• [Your objective]: With the pictures set aside, reproduce each entry precisely as it reads.

• [Material provided]:
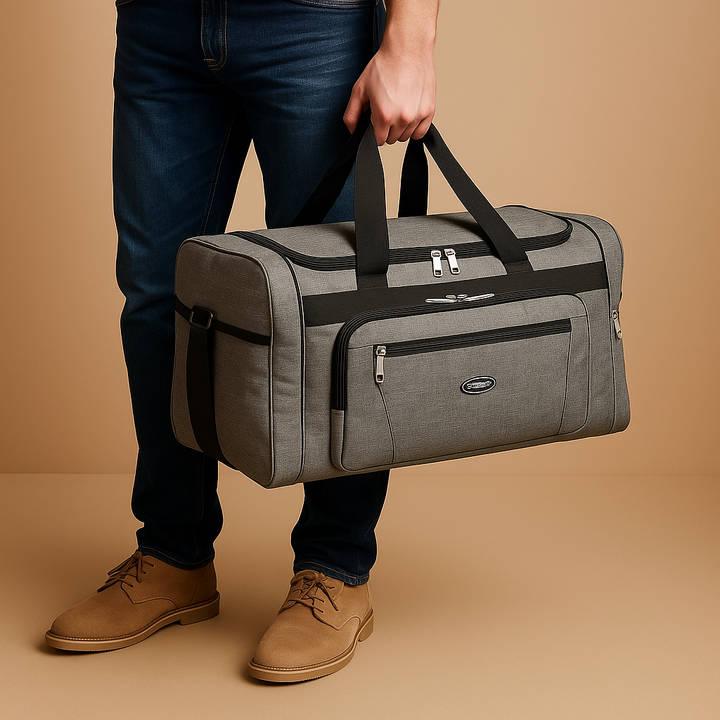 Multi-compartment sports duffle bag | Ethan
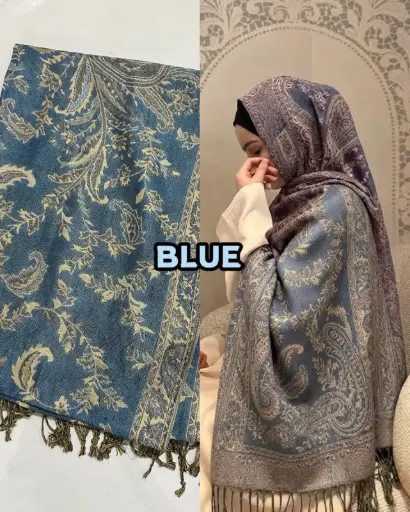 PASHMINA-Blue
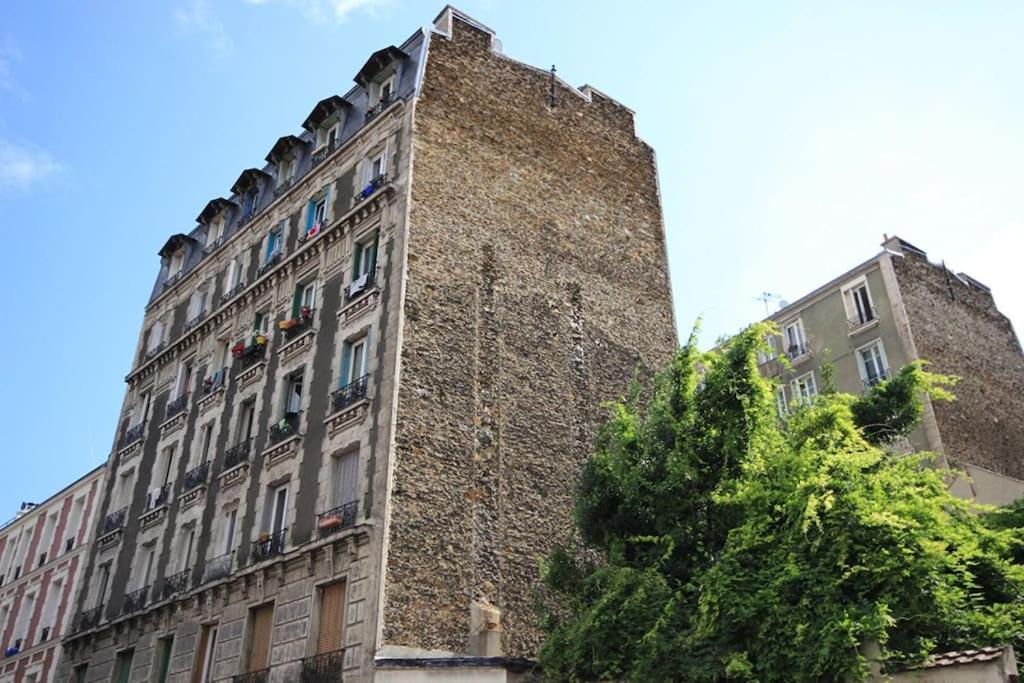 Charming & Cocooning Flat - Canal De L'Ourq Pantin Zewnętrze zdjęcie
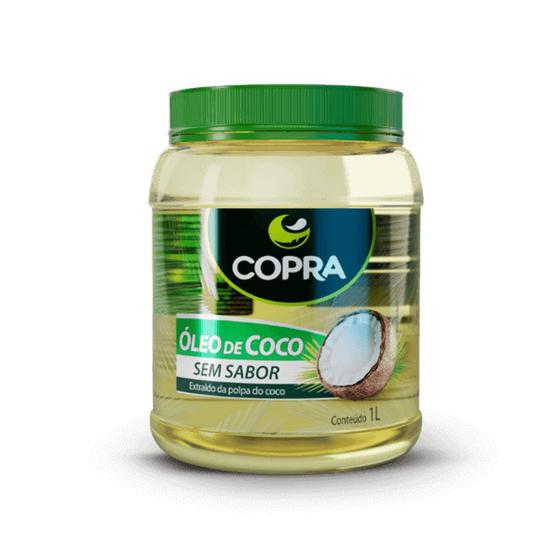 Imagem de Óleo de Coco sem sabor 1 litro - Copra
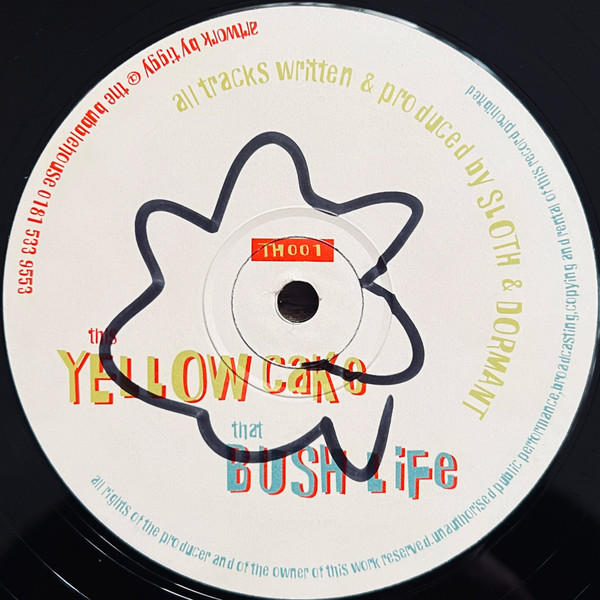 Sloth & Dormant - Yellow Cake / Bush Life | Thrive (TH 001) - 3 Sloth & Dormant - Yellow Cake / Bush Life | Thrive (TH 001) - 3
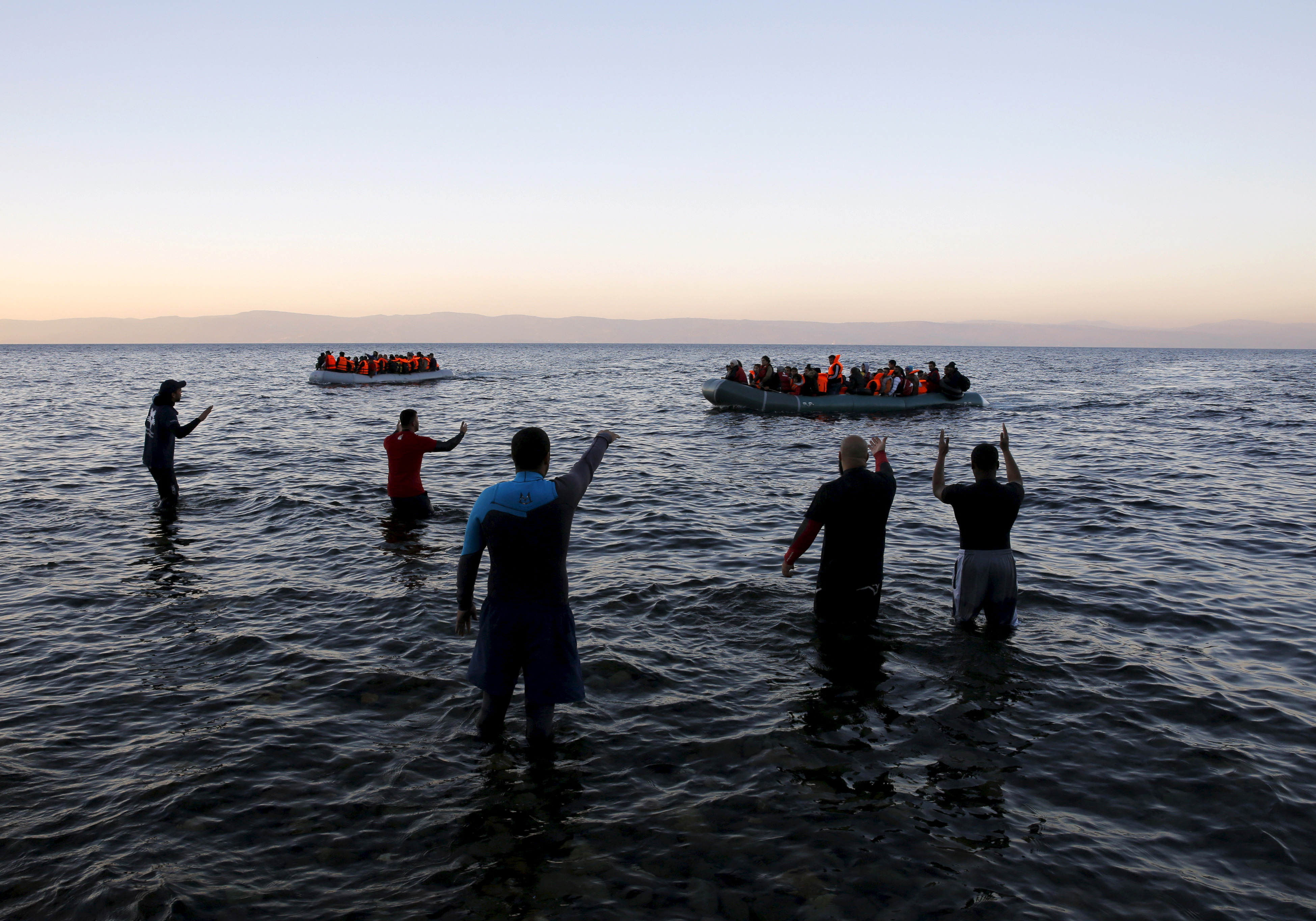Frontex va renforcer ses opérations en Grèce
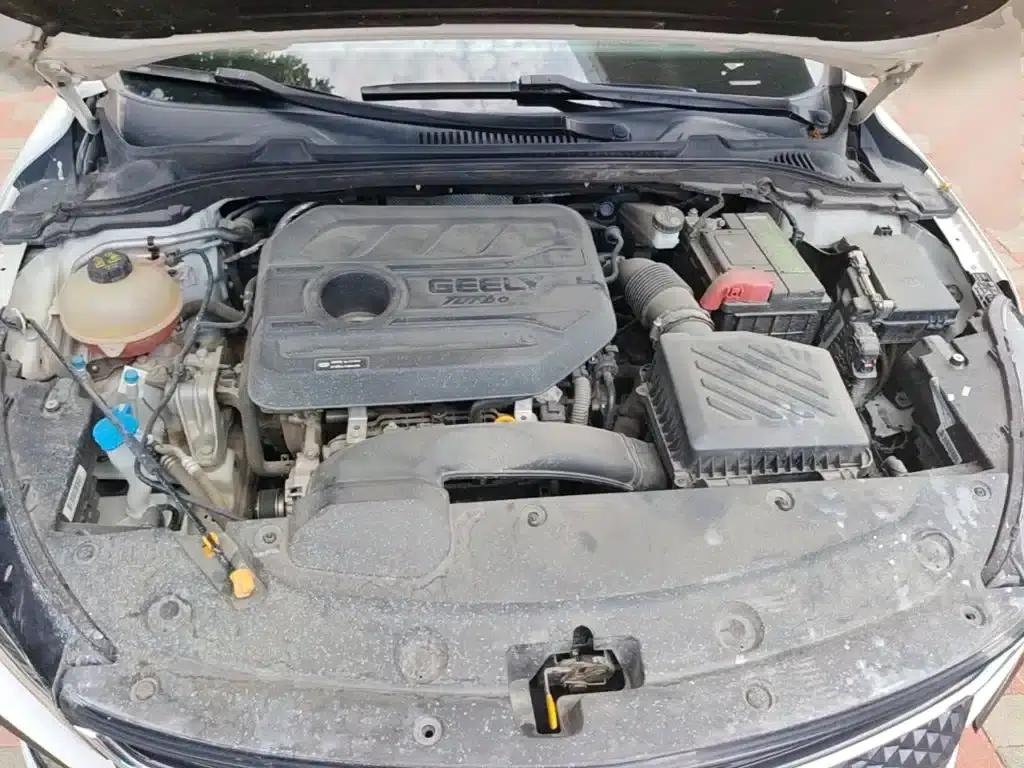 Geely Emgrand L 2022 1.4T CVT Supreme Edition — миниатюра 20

• [Task result]:
 Multi-compartment sports duffle bag | Ethan
 PASHMINA-Blue
 Charming & Cocooning Flat - Canal De L'Ourq Pantin Zewnętrze zdjęcie
 Imagem de Óleo de Coco sem sabor 1 litro - Copra
 Sloth & Dormant - Yellow Cake / Bush Life | Thrive (TH 001) - 3 Sloth & Dormant - Yellow Cake / Bush Life | Thrive (TH 001) - 3
Frontex va renforcer ses opérations en Grèce
 Geely Emgrand L 2022 1.4T CVT Supreme Edition — миниатюра 20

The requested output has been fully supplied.